[Dataset excerpts]

= = = = = = =

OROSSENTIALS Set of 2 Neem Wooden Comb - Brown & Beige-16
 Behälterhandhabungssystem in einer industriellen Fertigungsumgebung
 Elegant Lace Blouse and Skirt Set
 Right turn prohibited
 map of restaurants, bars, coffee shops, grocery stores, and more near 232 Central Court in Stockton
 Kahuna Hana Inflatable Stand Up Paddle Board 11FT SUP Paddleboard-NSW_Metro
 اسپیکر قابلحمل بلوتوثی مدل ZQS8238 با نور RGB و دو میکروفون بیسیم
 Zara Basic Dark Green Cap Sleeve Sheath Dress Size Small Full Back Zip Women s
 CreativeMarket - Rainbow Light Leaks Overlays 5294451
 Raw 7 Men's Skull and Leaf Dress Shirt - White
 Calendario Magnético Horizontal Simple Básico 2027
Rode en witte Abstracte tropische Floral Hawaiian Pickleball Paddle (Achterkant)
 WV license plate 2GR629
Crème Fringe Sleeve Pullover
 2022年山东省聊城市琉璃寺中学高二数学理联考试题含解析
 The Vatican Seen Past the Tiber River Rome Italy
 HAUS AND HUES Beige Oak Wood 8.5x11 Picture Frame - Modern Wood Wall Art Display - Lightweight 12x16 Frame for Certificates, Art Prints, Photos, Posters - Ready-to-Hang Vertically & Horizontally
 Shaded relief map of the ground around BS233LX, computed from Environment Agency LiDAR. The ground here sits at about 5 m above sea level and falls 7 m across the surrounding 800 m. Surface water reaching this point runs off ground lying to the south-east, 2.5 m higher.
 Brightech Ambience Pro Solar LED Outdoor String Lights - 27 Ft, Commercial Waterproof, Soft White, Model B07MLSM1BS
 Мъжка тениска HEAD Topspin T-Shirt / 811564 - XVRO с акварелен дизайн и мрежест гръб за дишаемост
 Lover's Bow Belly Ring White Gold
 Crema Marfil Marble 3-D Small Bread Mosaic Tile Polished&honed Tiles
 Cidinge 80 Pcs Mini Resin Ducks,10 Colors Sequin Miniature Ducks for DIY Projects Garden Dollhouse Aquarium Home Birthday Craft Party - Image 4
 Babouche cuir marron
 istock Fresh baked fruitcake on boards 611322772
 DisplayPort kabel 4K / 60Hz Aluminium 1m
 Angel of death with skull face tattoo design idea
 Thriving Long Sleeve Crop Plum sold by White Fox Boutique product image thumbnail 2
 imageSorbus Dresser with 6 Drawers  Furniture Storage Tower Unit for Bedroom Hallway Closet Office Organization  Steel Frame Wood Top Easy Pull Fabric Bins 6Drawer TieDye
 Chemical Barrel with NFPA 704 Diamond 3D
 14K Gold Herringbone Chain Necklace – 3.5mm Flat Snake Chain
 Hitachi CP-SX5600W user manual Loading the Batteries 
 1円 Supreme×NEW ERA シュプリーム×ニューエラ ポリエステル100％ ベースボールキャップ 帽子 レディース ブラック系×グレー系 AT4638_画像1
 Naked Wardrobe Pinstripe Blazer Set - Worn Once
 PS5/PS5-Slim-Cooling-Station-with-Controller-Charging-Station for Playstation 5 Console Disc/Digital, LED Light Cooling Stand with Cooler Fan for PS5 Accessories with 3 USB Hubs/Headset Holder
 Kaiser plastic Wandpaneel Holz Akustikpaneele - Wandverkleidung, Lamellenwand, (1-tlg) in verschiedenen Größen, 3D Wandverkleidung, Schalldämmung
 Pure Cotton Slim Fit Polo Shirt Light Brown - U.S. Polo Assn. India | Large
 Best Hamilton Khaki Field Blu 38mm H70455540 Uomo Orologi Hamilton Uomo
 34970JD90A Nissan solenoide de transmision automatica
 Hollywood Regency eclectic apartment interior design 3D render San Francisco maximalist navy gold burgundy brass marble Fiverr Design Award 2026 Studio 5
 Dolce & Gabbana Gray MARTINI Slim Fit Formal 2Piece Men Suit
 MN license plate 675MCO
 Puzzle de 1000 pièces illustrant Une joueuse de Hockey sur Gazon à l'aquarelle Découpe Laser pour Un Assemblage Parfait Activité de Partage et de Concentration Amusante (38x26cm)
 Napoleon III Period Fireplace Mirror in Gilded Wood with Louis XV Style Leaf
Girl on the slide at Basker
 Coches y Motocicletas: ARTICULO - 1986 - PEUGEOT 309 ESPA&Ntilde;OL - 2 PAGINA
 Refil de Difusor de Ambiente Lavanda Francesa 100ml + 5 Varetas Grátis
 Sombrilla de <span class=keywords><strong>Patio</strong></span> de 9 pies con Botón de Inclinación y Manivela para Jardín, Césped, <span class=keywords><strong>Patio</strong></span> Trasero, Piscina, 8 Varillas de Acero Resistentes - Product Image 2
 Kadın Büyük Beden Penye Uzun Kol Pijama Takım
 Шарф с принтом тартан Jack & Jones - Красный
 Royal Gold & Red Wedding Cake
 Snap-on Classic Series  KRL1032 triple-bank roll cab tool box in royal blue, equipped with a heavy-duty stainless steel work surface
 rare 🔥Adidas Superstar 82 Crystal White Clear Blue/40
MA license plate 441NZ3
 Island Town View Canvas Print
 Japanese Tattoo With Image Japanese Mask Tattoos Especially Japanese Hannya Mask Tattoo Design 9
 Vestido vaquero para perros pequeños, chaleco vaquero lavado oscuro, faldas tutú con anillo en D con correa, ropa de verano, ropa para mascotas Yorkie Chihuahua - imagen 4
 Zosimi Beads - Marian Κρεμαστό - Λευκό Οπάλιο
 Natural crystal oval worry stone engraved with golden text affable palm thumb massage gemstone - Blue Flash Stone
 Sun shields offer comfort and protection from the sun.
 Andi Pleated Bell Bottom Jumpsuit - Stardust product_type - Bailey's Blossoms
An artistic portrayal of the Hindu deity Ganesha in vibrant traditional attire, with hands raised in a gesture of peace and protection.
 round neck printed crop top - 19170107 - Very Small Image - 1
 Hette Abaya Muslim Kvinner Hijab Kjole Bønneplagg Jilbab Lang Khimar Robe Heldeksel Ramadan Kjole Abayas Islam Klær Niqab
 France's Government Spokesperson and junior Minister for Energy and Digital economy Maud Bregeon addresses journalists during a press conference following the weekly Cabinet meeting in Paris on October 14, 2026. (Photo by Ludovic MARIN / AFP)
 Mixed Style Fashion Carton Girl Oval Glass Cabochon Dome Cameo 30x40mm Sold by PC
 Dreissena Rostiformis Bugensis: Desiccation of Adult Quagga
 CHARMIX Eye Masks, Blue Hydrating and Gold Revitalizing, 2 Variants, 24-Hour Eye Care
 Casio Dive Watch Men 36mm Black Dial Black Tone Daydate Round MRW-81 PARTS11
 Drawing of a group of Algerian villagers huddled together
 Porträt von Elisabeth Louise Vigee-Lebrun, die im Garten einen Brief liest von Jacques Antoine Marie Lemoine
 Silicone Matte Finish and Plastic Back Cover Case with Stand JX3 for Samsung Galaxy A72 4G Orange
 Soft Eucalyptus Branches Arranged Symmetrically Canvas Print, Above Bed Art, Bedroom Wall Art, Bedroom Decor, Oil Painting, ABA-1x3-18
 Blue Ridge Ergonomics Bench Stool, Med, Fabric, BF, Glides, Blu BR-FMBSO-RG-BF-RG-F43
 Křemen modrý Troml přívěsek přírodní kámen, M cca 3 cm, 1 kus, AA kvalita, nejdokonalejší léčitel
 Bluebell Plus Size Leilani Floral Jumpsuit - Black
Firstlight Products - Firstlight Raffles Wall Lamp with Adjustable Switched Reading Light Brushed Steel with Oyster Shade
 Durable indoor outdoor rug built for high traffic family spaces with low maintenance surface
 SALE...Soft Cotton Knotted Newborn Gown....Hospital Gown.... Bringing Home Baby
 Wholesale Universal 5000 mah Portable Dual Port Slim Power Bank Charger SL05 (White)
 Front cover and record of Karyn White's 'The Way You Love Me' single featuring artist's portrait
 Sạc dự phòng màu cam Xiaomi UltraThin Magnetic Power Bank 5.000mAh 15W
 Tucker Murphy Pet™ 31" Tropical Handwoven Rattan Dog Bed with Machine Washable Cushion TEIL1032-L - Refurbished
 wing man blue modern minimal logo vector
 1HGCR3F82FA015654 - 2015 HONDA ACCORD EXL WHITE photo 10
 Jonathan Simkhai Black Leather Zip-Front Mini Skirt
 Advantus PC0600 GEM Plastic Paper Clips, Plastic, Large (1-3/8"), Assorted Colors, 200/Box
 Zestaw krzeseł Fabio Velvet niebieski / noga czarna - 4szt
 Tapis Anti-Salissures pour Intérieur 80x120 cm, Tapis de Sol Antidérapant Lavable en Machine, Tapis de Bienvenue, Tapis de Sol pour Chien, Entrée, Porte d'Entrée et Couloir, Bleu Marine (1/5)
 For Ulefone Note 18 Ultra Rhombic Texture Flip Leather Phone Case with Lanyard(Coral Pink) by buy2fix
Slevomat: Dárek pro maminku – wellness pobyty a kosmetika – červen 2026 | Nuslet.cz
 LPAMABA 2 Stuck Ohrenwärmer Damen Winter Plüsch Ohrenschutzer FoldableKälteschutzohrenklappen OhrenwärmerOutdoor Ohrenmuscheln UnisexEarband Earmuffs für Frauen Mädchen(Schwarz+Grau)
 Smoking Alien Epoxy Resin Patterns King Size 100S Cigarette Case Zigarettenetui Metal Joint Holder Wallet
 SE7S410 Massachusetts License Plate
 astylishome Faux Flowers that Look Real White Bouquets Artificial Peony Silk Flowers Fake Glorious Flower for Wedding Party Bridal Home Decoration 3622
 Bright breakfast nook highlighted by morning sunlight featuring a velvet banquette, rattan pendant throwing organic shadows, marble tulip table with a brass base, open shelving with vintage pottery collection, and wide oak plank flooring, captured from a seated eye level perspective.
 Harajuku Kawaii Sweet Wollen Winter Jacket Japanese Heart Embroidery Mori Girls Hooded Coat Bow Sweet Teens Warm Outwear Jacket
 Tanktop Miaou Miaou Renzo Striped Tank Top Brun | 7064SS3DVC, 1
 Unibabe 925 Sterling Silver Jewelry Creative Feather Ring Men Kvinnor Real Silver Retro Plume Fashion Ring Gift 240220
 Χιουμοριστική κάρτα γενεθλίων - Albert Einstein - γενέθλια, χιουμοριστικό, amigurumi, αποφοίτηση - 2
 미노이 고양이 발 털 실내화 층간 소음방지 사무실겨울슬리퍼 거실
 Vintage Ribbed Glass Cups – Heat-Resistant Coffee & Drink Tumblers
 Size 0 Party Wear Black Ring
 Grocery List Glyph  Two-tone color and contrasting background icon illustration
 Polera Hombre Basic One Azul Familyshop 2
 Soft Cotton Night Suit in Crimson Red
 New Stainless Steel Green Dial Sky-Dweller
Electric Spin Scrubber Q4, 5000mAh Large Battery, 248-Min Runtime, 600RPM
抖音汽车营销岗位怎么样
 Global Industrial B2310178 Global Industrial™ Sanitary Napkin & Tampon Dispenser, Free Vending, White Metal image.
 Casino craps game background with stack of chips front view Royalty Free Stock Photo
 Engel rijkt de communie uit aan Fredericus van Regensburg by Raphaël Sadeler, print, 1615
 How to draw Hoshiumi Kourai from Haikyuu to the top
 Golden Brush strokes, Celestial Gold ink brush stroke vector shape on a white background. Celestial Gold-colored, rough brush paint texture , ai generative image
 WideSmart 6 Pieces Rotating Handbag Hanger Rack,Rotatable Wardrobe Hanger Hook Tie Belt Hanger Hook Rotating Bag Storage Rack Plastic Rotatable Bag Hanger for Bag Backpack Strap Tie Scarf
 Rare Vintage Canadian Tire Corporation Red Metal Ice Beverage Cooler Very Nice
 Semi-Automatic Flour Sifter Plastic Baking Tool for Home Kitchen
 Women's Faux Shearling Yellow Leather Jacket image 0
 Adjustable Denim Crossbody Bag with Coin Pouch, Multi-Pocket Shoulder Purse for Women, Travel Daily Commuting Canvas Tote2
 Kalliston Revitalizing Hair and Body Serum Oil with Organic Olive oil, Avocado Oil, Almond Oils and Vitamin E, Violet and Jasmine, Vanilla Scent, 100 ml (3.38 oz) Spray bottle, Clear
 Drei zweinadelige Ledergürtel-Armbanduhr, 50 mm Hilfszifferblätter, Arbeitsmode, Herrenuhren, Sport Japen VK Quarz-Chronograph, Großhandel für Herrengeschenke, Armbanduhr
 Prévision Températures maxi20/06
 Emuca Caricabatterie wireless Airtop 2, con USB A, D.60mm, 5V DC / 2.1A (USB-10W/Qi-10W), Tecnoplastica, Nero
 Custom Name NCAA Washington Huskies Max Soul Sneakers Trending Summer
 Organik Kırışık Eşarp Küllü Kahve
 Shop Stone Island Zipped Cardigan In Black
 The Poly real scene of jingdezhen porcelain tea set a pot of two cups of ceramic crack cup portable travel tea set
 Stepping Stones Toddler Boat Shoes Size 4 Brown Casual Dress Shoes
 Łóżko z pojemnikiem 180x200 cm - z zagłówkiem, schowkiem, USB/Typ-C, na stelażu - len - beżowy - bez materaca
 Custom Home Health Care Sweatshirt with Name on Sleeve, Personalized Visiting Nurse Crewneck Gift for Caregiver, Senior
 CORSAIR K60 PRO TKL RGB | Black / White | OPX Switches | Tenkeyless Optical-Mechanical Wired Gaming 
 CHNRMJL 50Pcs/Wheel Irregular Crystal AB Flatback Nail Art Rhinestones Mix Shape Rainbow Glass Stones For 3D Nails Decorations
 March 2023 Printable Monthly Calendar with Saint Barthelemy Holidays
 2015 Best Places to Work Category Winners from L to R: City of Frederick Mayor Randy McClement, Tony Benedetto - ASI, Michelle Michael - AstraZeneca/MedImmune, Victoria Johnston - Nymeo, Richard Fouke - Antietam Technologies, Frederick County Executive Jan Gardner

= = = = = = =

# WORK TO BE COMPLETED
All that is needed is the exact run of lines above from the line containing "Drawing of a" through the line containing "Sạc dự phòng", both of them included.

# EXERCISE SOLUTION
 Drawing of a group of Algerian villagers huddled together
 Porträt von Elisabeth Louise Vigee-Lebrun, die im Garten einen Brief liest von Jacques Antoine Marie Lemoine
 Silicone Matte Finish and Plastic Back Cover Case with Stand JX3 for Samsung Galaxy A72 4G Orange
 Soft Eucalyptus Branches Arranged Symmetrically Canvas Print, Above Bed Art, Bedroom Wall Art, Bedroom Decor, Oil Painting, ABA-1x3-18
 Blue Ridge Ergonomics Bench Stool, Med, Fabric, BF, Glides, Blu BR-FMBSO-RG-BF-RG-F43
 Křemen modrý Troml přívěsek přírodní kámen, M cca 3 cm, 1 kus, AA kvalita, nejdokonalejší léčitel
 Bluebell Plus Size Leilani Floral Jumpsuit - Black
Firstlight Products - Firstlight Raffles Wall Lamp with Adjustable Switched Reading Light Brushed Steel with Oyster Shade
 Durable indoor outdoor rug built for high traffic family spaces with low maintenance surface
 SALE...Soft Cotton Knotted Newborn Gown....Hospital Gown.... Bringing Home Baby
 Wholesale Universal 5000 mah Portable Dual Port Slim Power Bank Charger SL05 (White)
 Front cover and record of Karyn White's 'The Way You Love Me' single featuring artist's portrait
 Sạc dự phòng màu cam Xiaomi UltraThin Magnetic Power Bank 5.000mAh 15W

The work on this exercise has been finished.